OK but that is actually wrong too. The poor methodology and invalidity of the results is transparent from the original Lancet article - which was the basis for my expert witness testimony to NICE. Getting the PACE data was a huge and necessary achievement in order to see the detail of the manipulation but it actually made no difference to the interpretation.

 

It's true it made no difference in whether the trial was a piece of garbage--that was apparent. But it made a big difference in being able to document that the methodological mess had the impact on the results that everyone suspected it did. Probably would have been better phrased as "revealed the impact of the major flaws" or something like that.

 

The other thing that the release of data reveals is that not only was the research design inherently flawed but also the researchers, whether with misguided good intentions or as a conscious fraud, manipulated the data to realise their desired outcomes.

 

Not sure if its actually wrong or just not clearly worded. "The critics were right" I think is the important part.
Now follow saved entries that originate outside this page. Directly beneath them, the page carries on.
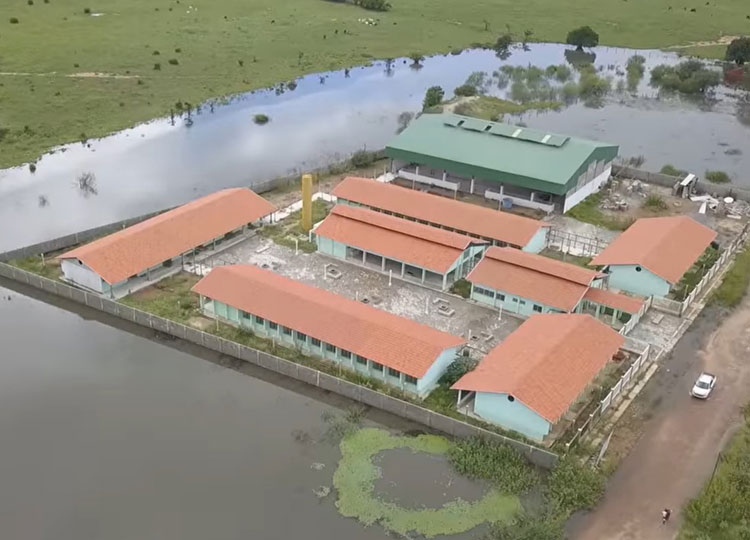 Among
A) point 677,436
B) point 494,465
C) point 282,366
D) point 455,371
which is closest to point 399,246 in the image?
point 455,371

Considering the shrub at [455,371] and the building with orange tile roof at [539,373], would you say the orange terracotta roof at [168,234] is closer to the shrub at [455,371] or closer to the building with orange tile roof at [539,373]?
the shrub at [455,371]

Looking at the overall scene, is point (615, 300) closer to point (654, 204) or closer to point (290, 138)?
Result: point (654, 204)

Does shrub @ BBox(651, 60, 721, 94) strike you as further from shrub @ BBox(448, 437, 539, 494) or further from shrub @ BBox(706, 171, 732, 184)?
shrub @ BBox(448, 437, 539, 494)

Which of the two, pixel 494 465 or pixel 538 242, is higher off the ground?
pixel 538 242

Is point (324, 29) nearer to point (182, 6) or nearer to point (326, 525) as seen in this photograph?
point (182, 6)

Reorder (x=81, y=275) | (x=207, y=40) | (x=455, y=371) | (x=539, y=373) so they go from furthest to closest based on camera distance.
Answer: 1. (x=207, y=40)
2. (x=81, y=275)
3. (x=455, y=371)
4. (x=539, y=373)

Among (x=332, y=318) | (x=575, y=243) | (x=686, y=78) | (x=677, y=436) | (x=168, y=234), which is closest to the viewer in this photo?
(x=677, y=436)

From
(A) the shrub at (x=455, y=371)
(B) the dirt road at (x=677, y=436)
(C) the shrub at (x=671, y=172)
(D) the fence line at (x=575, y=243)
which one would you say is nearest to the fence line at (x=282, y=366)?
(A) the shrub at (x=455, y=371) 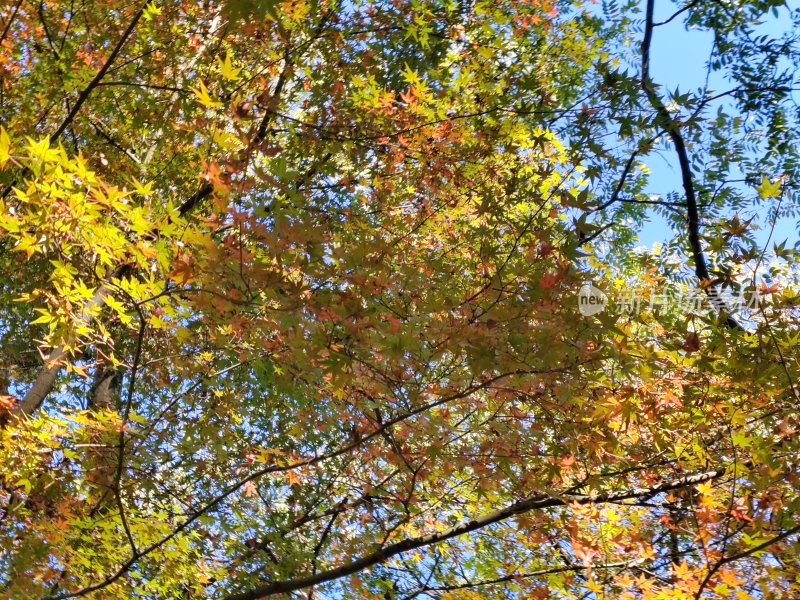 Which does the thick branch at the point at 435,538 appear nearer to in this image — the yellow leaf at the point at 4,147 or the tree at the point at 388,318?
the tree at the point at 388,318

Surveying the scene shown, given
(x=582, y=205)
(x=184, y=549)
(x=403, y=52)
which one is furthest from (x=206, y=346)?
(x=582, y=205)

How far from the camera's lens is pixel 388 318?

Edit: What @dave30th and @Peter Trewhitt said


There are still many 'experts' in the relevant disciplines who think that it's OK to use poor trial methodology in assessing therapist-delivered treatments and that it would provide sufficient evidence to base recommendations on it. But this is a complicated story that I think needs other people to get it right (see all the discussions on S4ME) and cover it in a prominent place.

The closing of George's piece is all against an appeal to authority:

"This is how science should work: improvement by scrutiny and challenge.
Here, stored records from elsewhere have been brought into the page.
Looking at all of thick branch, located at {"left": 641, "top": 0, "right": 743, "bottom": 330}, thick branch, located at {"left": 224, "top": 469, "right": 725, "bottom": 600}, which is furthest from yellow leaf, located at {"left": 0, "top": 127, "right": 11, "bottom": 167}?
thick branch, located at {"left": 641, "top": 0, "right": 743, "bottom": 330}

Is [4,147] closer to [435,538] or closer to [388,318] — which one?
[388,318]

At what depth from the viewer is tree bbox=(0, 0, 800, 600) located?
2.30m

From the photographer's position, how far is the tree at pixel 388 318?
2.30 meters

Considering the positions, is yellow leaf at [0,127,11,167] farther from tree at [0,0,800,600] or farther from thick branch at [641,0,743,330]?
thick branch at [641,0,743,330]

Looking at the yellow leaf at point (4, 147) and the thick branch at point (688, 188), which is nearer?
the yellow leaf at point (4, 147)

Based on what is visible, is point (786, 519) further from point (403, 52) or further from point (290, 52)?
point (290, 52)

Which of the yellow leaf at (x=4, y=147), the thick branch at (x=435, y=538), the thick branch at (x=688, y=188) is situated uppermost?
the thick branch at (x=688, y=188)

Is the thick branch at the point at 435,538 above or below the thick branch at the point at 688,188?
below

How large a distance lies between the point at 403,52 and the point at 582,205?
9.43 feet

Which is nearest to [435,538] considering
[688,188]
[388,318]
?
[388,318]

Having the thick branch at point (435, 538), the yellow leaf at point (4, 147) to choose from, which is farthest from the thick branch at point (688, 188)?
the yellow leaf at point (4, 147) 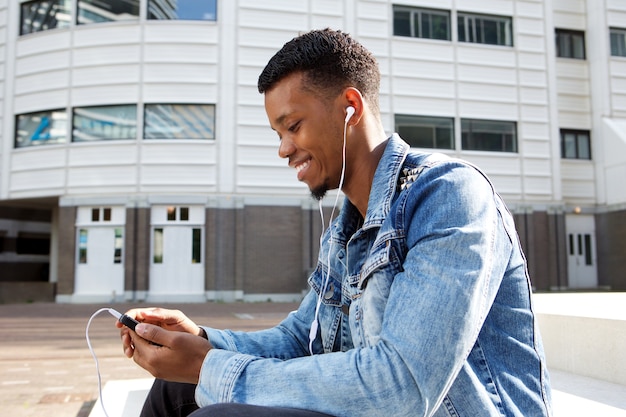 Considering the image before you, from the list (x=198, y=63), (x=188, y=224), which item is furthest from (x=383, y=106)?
(x=188, y=224)

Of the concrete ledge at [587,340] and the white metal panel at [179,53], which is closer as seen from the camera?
the concrete ledge at [587,340]

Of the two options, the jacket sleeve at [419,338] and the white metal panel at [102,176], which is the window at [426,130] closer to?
the white metal panel at [102,176]

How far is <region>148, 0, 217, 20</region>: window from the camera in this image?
1828 cm

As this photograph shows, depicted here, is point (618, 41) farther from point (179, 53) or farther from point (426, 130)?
point (179, 53)

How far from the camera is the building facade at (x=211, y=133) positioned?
695 inches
"But the story spread so widely by the media – that ME/CFS patients were irrationally refusing treatment and abusing those who offered it – stuck, in the NHS and beyond. Medicine gave way to groupthink.
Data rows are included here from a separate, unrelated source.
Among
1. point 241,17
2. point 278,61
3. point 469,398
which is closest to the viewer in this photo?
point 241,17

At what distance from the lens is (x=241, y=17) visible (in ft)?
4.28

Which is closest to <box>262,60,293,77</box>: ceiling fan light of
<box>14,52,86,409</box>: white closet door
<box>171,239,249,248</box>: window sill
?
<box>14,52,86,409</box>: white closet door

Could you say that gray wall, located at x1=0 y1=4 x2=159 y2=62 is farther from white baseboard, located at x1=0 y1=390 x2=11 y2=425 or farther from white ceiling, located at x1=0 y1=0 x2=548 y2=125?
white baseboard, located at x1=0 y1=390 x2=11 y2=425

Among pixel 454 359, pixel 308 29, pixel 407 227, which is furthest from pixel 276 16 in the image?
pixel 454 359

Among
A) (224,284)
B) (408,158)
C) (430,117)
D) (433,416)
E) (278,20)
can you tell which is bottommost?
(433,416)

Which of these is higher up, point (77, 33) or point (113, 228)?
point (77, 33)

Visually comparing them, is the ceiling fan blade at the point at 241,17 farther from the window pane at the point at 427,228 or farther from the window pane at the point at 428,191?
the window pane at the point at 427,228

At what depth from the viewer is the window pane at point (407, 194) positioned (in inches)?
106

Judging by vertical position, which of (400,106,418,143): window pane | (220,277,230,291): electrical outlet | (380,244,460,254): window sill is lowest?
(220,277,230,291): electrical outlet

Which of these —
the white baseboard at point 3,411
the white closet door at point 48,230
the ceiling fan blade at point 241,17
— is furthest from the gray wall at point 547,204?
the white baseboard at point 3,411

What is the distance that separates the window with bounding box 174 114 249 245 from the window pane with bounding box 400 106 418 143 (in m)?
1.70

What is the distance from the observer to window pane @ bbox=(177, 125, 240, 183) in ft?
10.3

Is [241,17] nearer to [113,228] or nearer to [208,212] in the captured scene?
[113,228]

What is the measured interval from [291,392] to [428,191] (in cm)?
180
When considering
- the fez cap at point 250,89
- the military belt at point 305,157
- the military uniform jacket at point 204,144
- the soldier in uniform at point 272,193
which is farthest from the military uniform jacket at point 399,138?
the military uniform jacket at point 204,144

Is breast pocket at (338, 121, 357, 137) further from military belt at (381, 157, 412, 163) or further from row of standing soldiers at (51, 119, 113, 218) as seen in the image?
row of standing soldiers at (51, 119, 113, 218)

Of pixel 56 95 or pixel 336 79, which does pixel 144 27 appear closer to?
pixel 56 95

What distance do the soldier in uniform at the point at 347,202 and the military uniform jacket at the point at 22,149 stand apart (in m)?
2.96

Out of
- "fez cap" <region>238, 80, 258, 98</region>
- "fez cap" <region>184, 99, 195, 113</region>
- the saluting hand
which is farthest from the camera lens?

"Here are some things that should not need stating. Scientists and those who champion them should never close ranks against empirical challenge and criticism. They should not deny requests for data, should not shore up disproven claims, should not circle the wagons against legitimate public challenge. Above all, those who suffer the most should be listened to the most."

Of course the SMC played only one part in the whole scenario, but for the UK I think its influence was huge. I think it's very useful to have such a succinct account of that.

 

Just thought that paragraph on the Science Media Centre (SMC) deserved quoting, too:

https://www.theguardian.com/comment...eve-bothby-oneill-me-chronic-fatigue-syndrome

 

I don't think it made any difference in reality, David.
It may have provided information on how they were able to make statements about 'recovery' but from a scientific point of view you don't even read those statements, you look at the trial design and the data. It was transparent that the data were not just misleading but completely meaningless from the Lancet abstract. I remember being gobsmacked as to how weak it was when I first read it.

I think Peter Trewitt is right on this. The access to the data revealed just how much manipulation had gone on, which means that the any benefit of the doubt for the authors is rescinded.

 

But, over and above the arguments given, that is just another appeal to authority. George doesn't actually mention why the trial was a non-starter. My wife commented that NICE saying the quality was low or very low does not exclude it being at least suggestive that there might be a positive result. The PACE paper itself tells us that there is no reason to think there is any such suggestion because the trial was self-fulfilling.

 

I disagree with this. It might not have mattered to theoretically decide the article was crap--as all the patients did, as well as you, me, and my colleagues at Berkeley and everyone who signed my letters. But until the data were released, there was zero traction. We all knew it was shit. But you needed the data to prove it to those who were not able or willing to see the obvious. I think it's important not only to know the design sucked, but that their original results were essentially null. Whether the trial sucked, and what the results should have been, are two related but separate issues--and each one was vital to furthering the argument.